ArtSeen
Man Ray & Picabia

On View
Vito SchnabelMarch 25 – May 15, 2021
New York
Historically speaking, some observers would argue that Man Ray and Picabia, the subjects of a joint show currently on view at Vito Schnabel, became important because Dada made them important. But this is not altogether true. The more accurate version is that they were brilliant artists who sought out connections with Marcel Duchamp, each on a different occasion. There is little doubt that Duchamp felt a strong connection with them on both a deeply personal and an artistic level. While interesting from a modernist point of view, however, such academic arguments are ultimately secondary to the actual work these artists produced—art for the cultural benefit of generations to come. The paintings of Man Ray and Picabia functioned parallel to the work of progressive anti-artists in Zurich, and later Paris, Cologne, and New York. But they would insist on their own independence to a degree that many at the time would never have dreamed possible.
Because neither Man Ray nor Picabia were in Zurich at the origins of Dada in 1915 –16, they were able to avoid the premeditated intentions that sometimes governed participation in Dadaism proper. Inadvertently, this absence gave their work a longevity and depth of experience that would only gradually come into focus some years later. While Man Ray may have spent time enjoying the company of his Dadaist friends, he never became an official Dadaist—or, for that matter, an official Surrealist. On the other hand, Picabia, who entertained the possibility of joining the Dada cult, eventually declined in a fit of rage, angry that he had been so easily seduced.

In contrast to the power-mongering of Tristan Tzara and André Breton, the aspirations of Picabia and Man Ray took on a different character. While each of these artists had a strong connection to Duchamp, their relationship with one another remained stealthily cordial and relatively indeterminate. Their point of agreement was based on a mutual desire to work independently and position aesthetics as a less-than-primary concern. “Art must be unaesthetic in the extreme,” announced Picabia, “useless and impossible to justify.”1 Other than their meetings with Duchamp, this impulse was essentially what the two artists had in common, although not without equivocation.

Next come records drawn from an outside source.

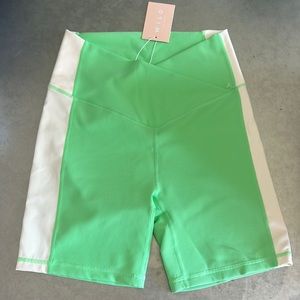 Wilo The Label Green White Crossover Biker Short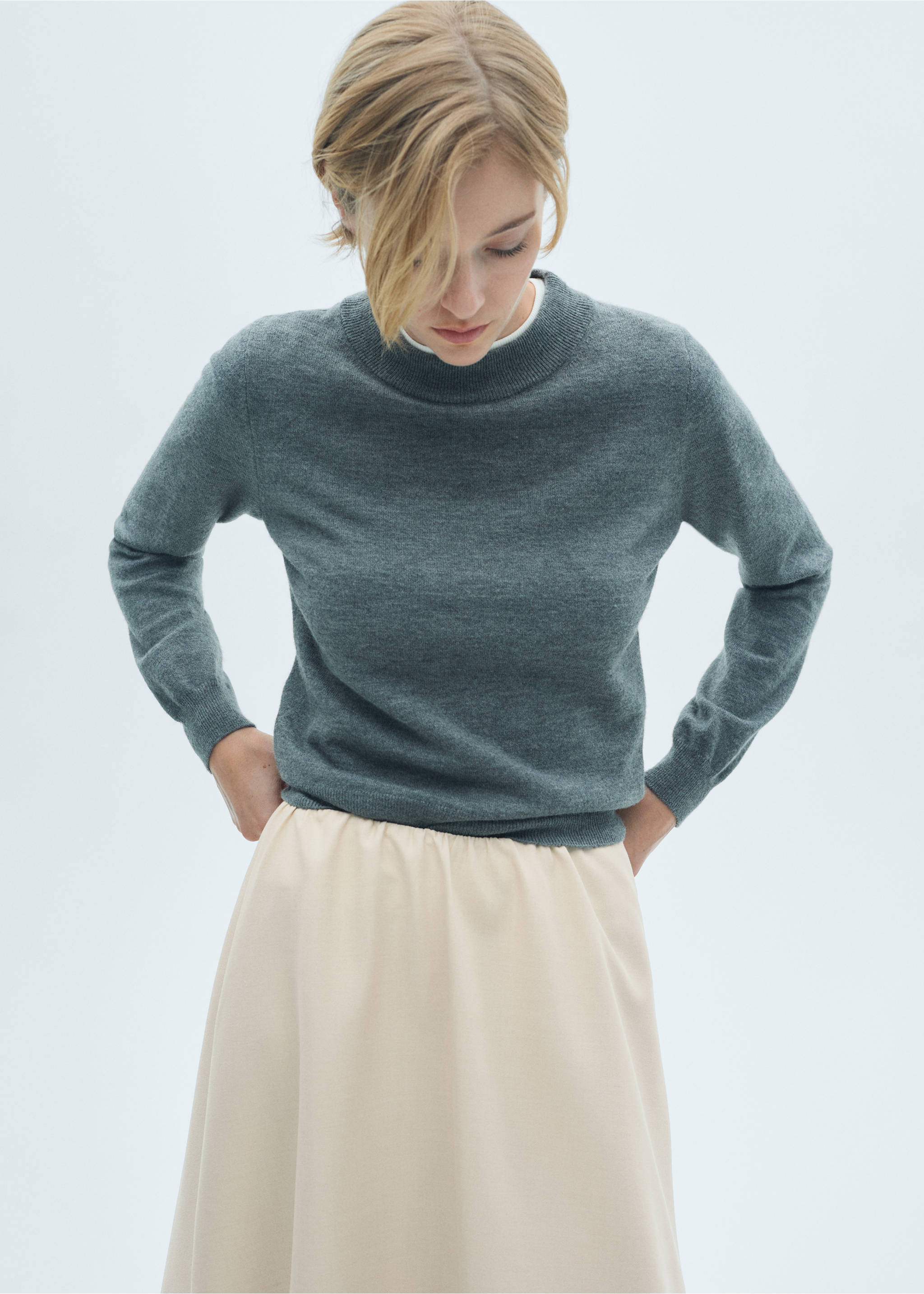 Midirock in A-Linie - Detail des Artikels 1, Sandfarben. Ref: 77056752-00.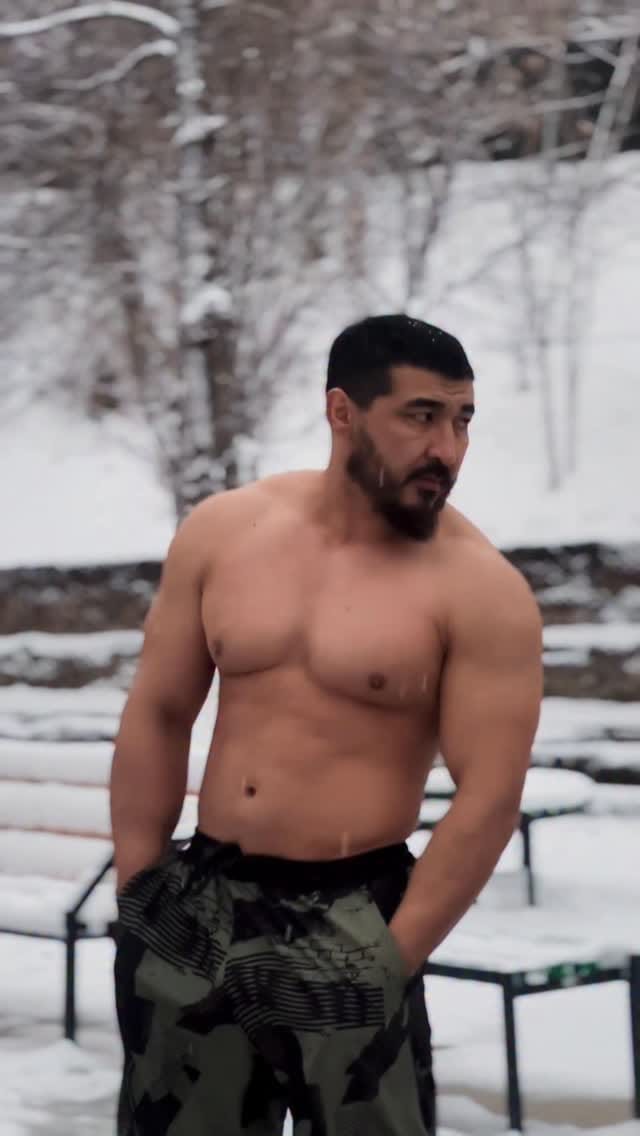 Post 1 by 🐻 on Instagram (video)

The concerns of Picabia, in particular, raise the question: will the tight focus on one’s own imagination so privileged by Dada and Surrealism ultimately offer the content necessary to experience art on a higher level? Picabia’s investigation of this question suggests a cognitive counterpoint to the automatist values of his colleagues. Furthermore, both artists were committed to the medium of painting, despite Man Ray’s inadvertent, if not accidental, identity as a photographer and Picabia’s sometime reputation as a central figure among the European social elite.
Vito Schnabel’s West Village exhibition makes it clear from the beginning that the nine remarkable paintings on view—five by Man Ray, four by Francis Picabia—serve as a way to reconsider the role of the imagination in art. In Man Ray’s abstract figurations, such as Non-Abstraction (1947) and Peinture Feminine (1954), there is a tendency to transform our awareness away from previous aesthetic assumptions by moving it more in the direction of an interior mystery, something that speaks to the artist’s own particular autosymbolic world. In contrast, one might consider the paintings of Picabia as coming from the opposite direction. Here, the artist’s story appears visually clear at the outset, only to transform itself into an abstraction through erotic fantasy. Picabia’s women, such as Femme á la chemise bleue (1942–43), as well as more androgynous figures like Helias (ca. 1930), represent partially conflicted realities from which the artist struggles to remain exempt. They are implicated in what we might describe, in Freudian terms, as a sublimation of the artist’s own inner conflict, eventually discovering an erotic means to represent itself in the imaginative, unabashed figures of Picabia’s paintings.

The independent state of mind shared by Man Ray and Picabia holds its presence throughout this exhibition. There is little doubt as to the significance of these paintings: the early 20th-century breakthrough of the artist’s imagination appears with remarkable consistency here. To engage with the paintings of these intensely creative spirits is to move through them as if they were a chasm of visual utterances. What makes an exhibition of this order exceptional is found in a painting with the force of Picabia’s Mendica (ca. 1929–34), a painting that redefines the power of human ascension, that knows the radical limits of painting—a work, in other words, that invokes an image from the exact moment of its completion. Finally, even as we see these works today, the collective conscience desired by Man Ray and Picabia comes to the foreground, fully embodied in their quest for truth.
- Hans Richter. Dada: Art and Anti-Art (New York: Oxford University Press, 1965): 76.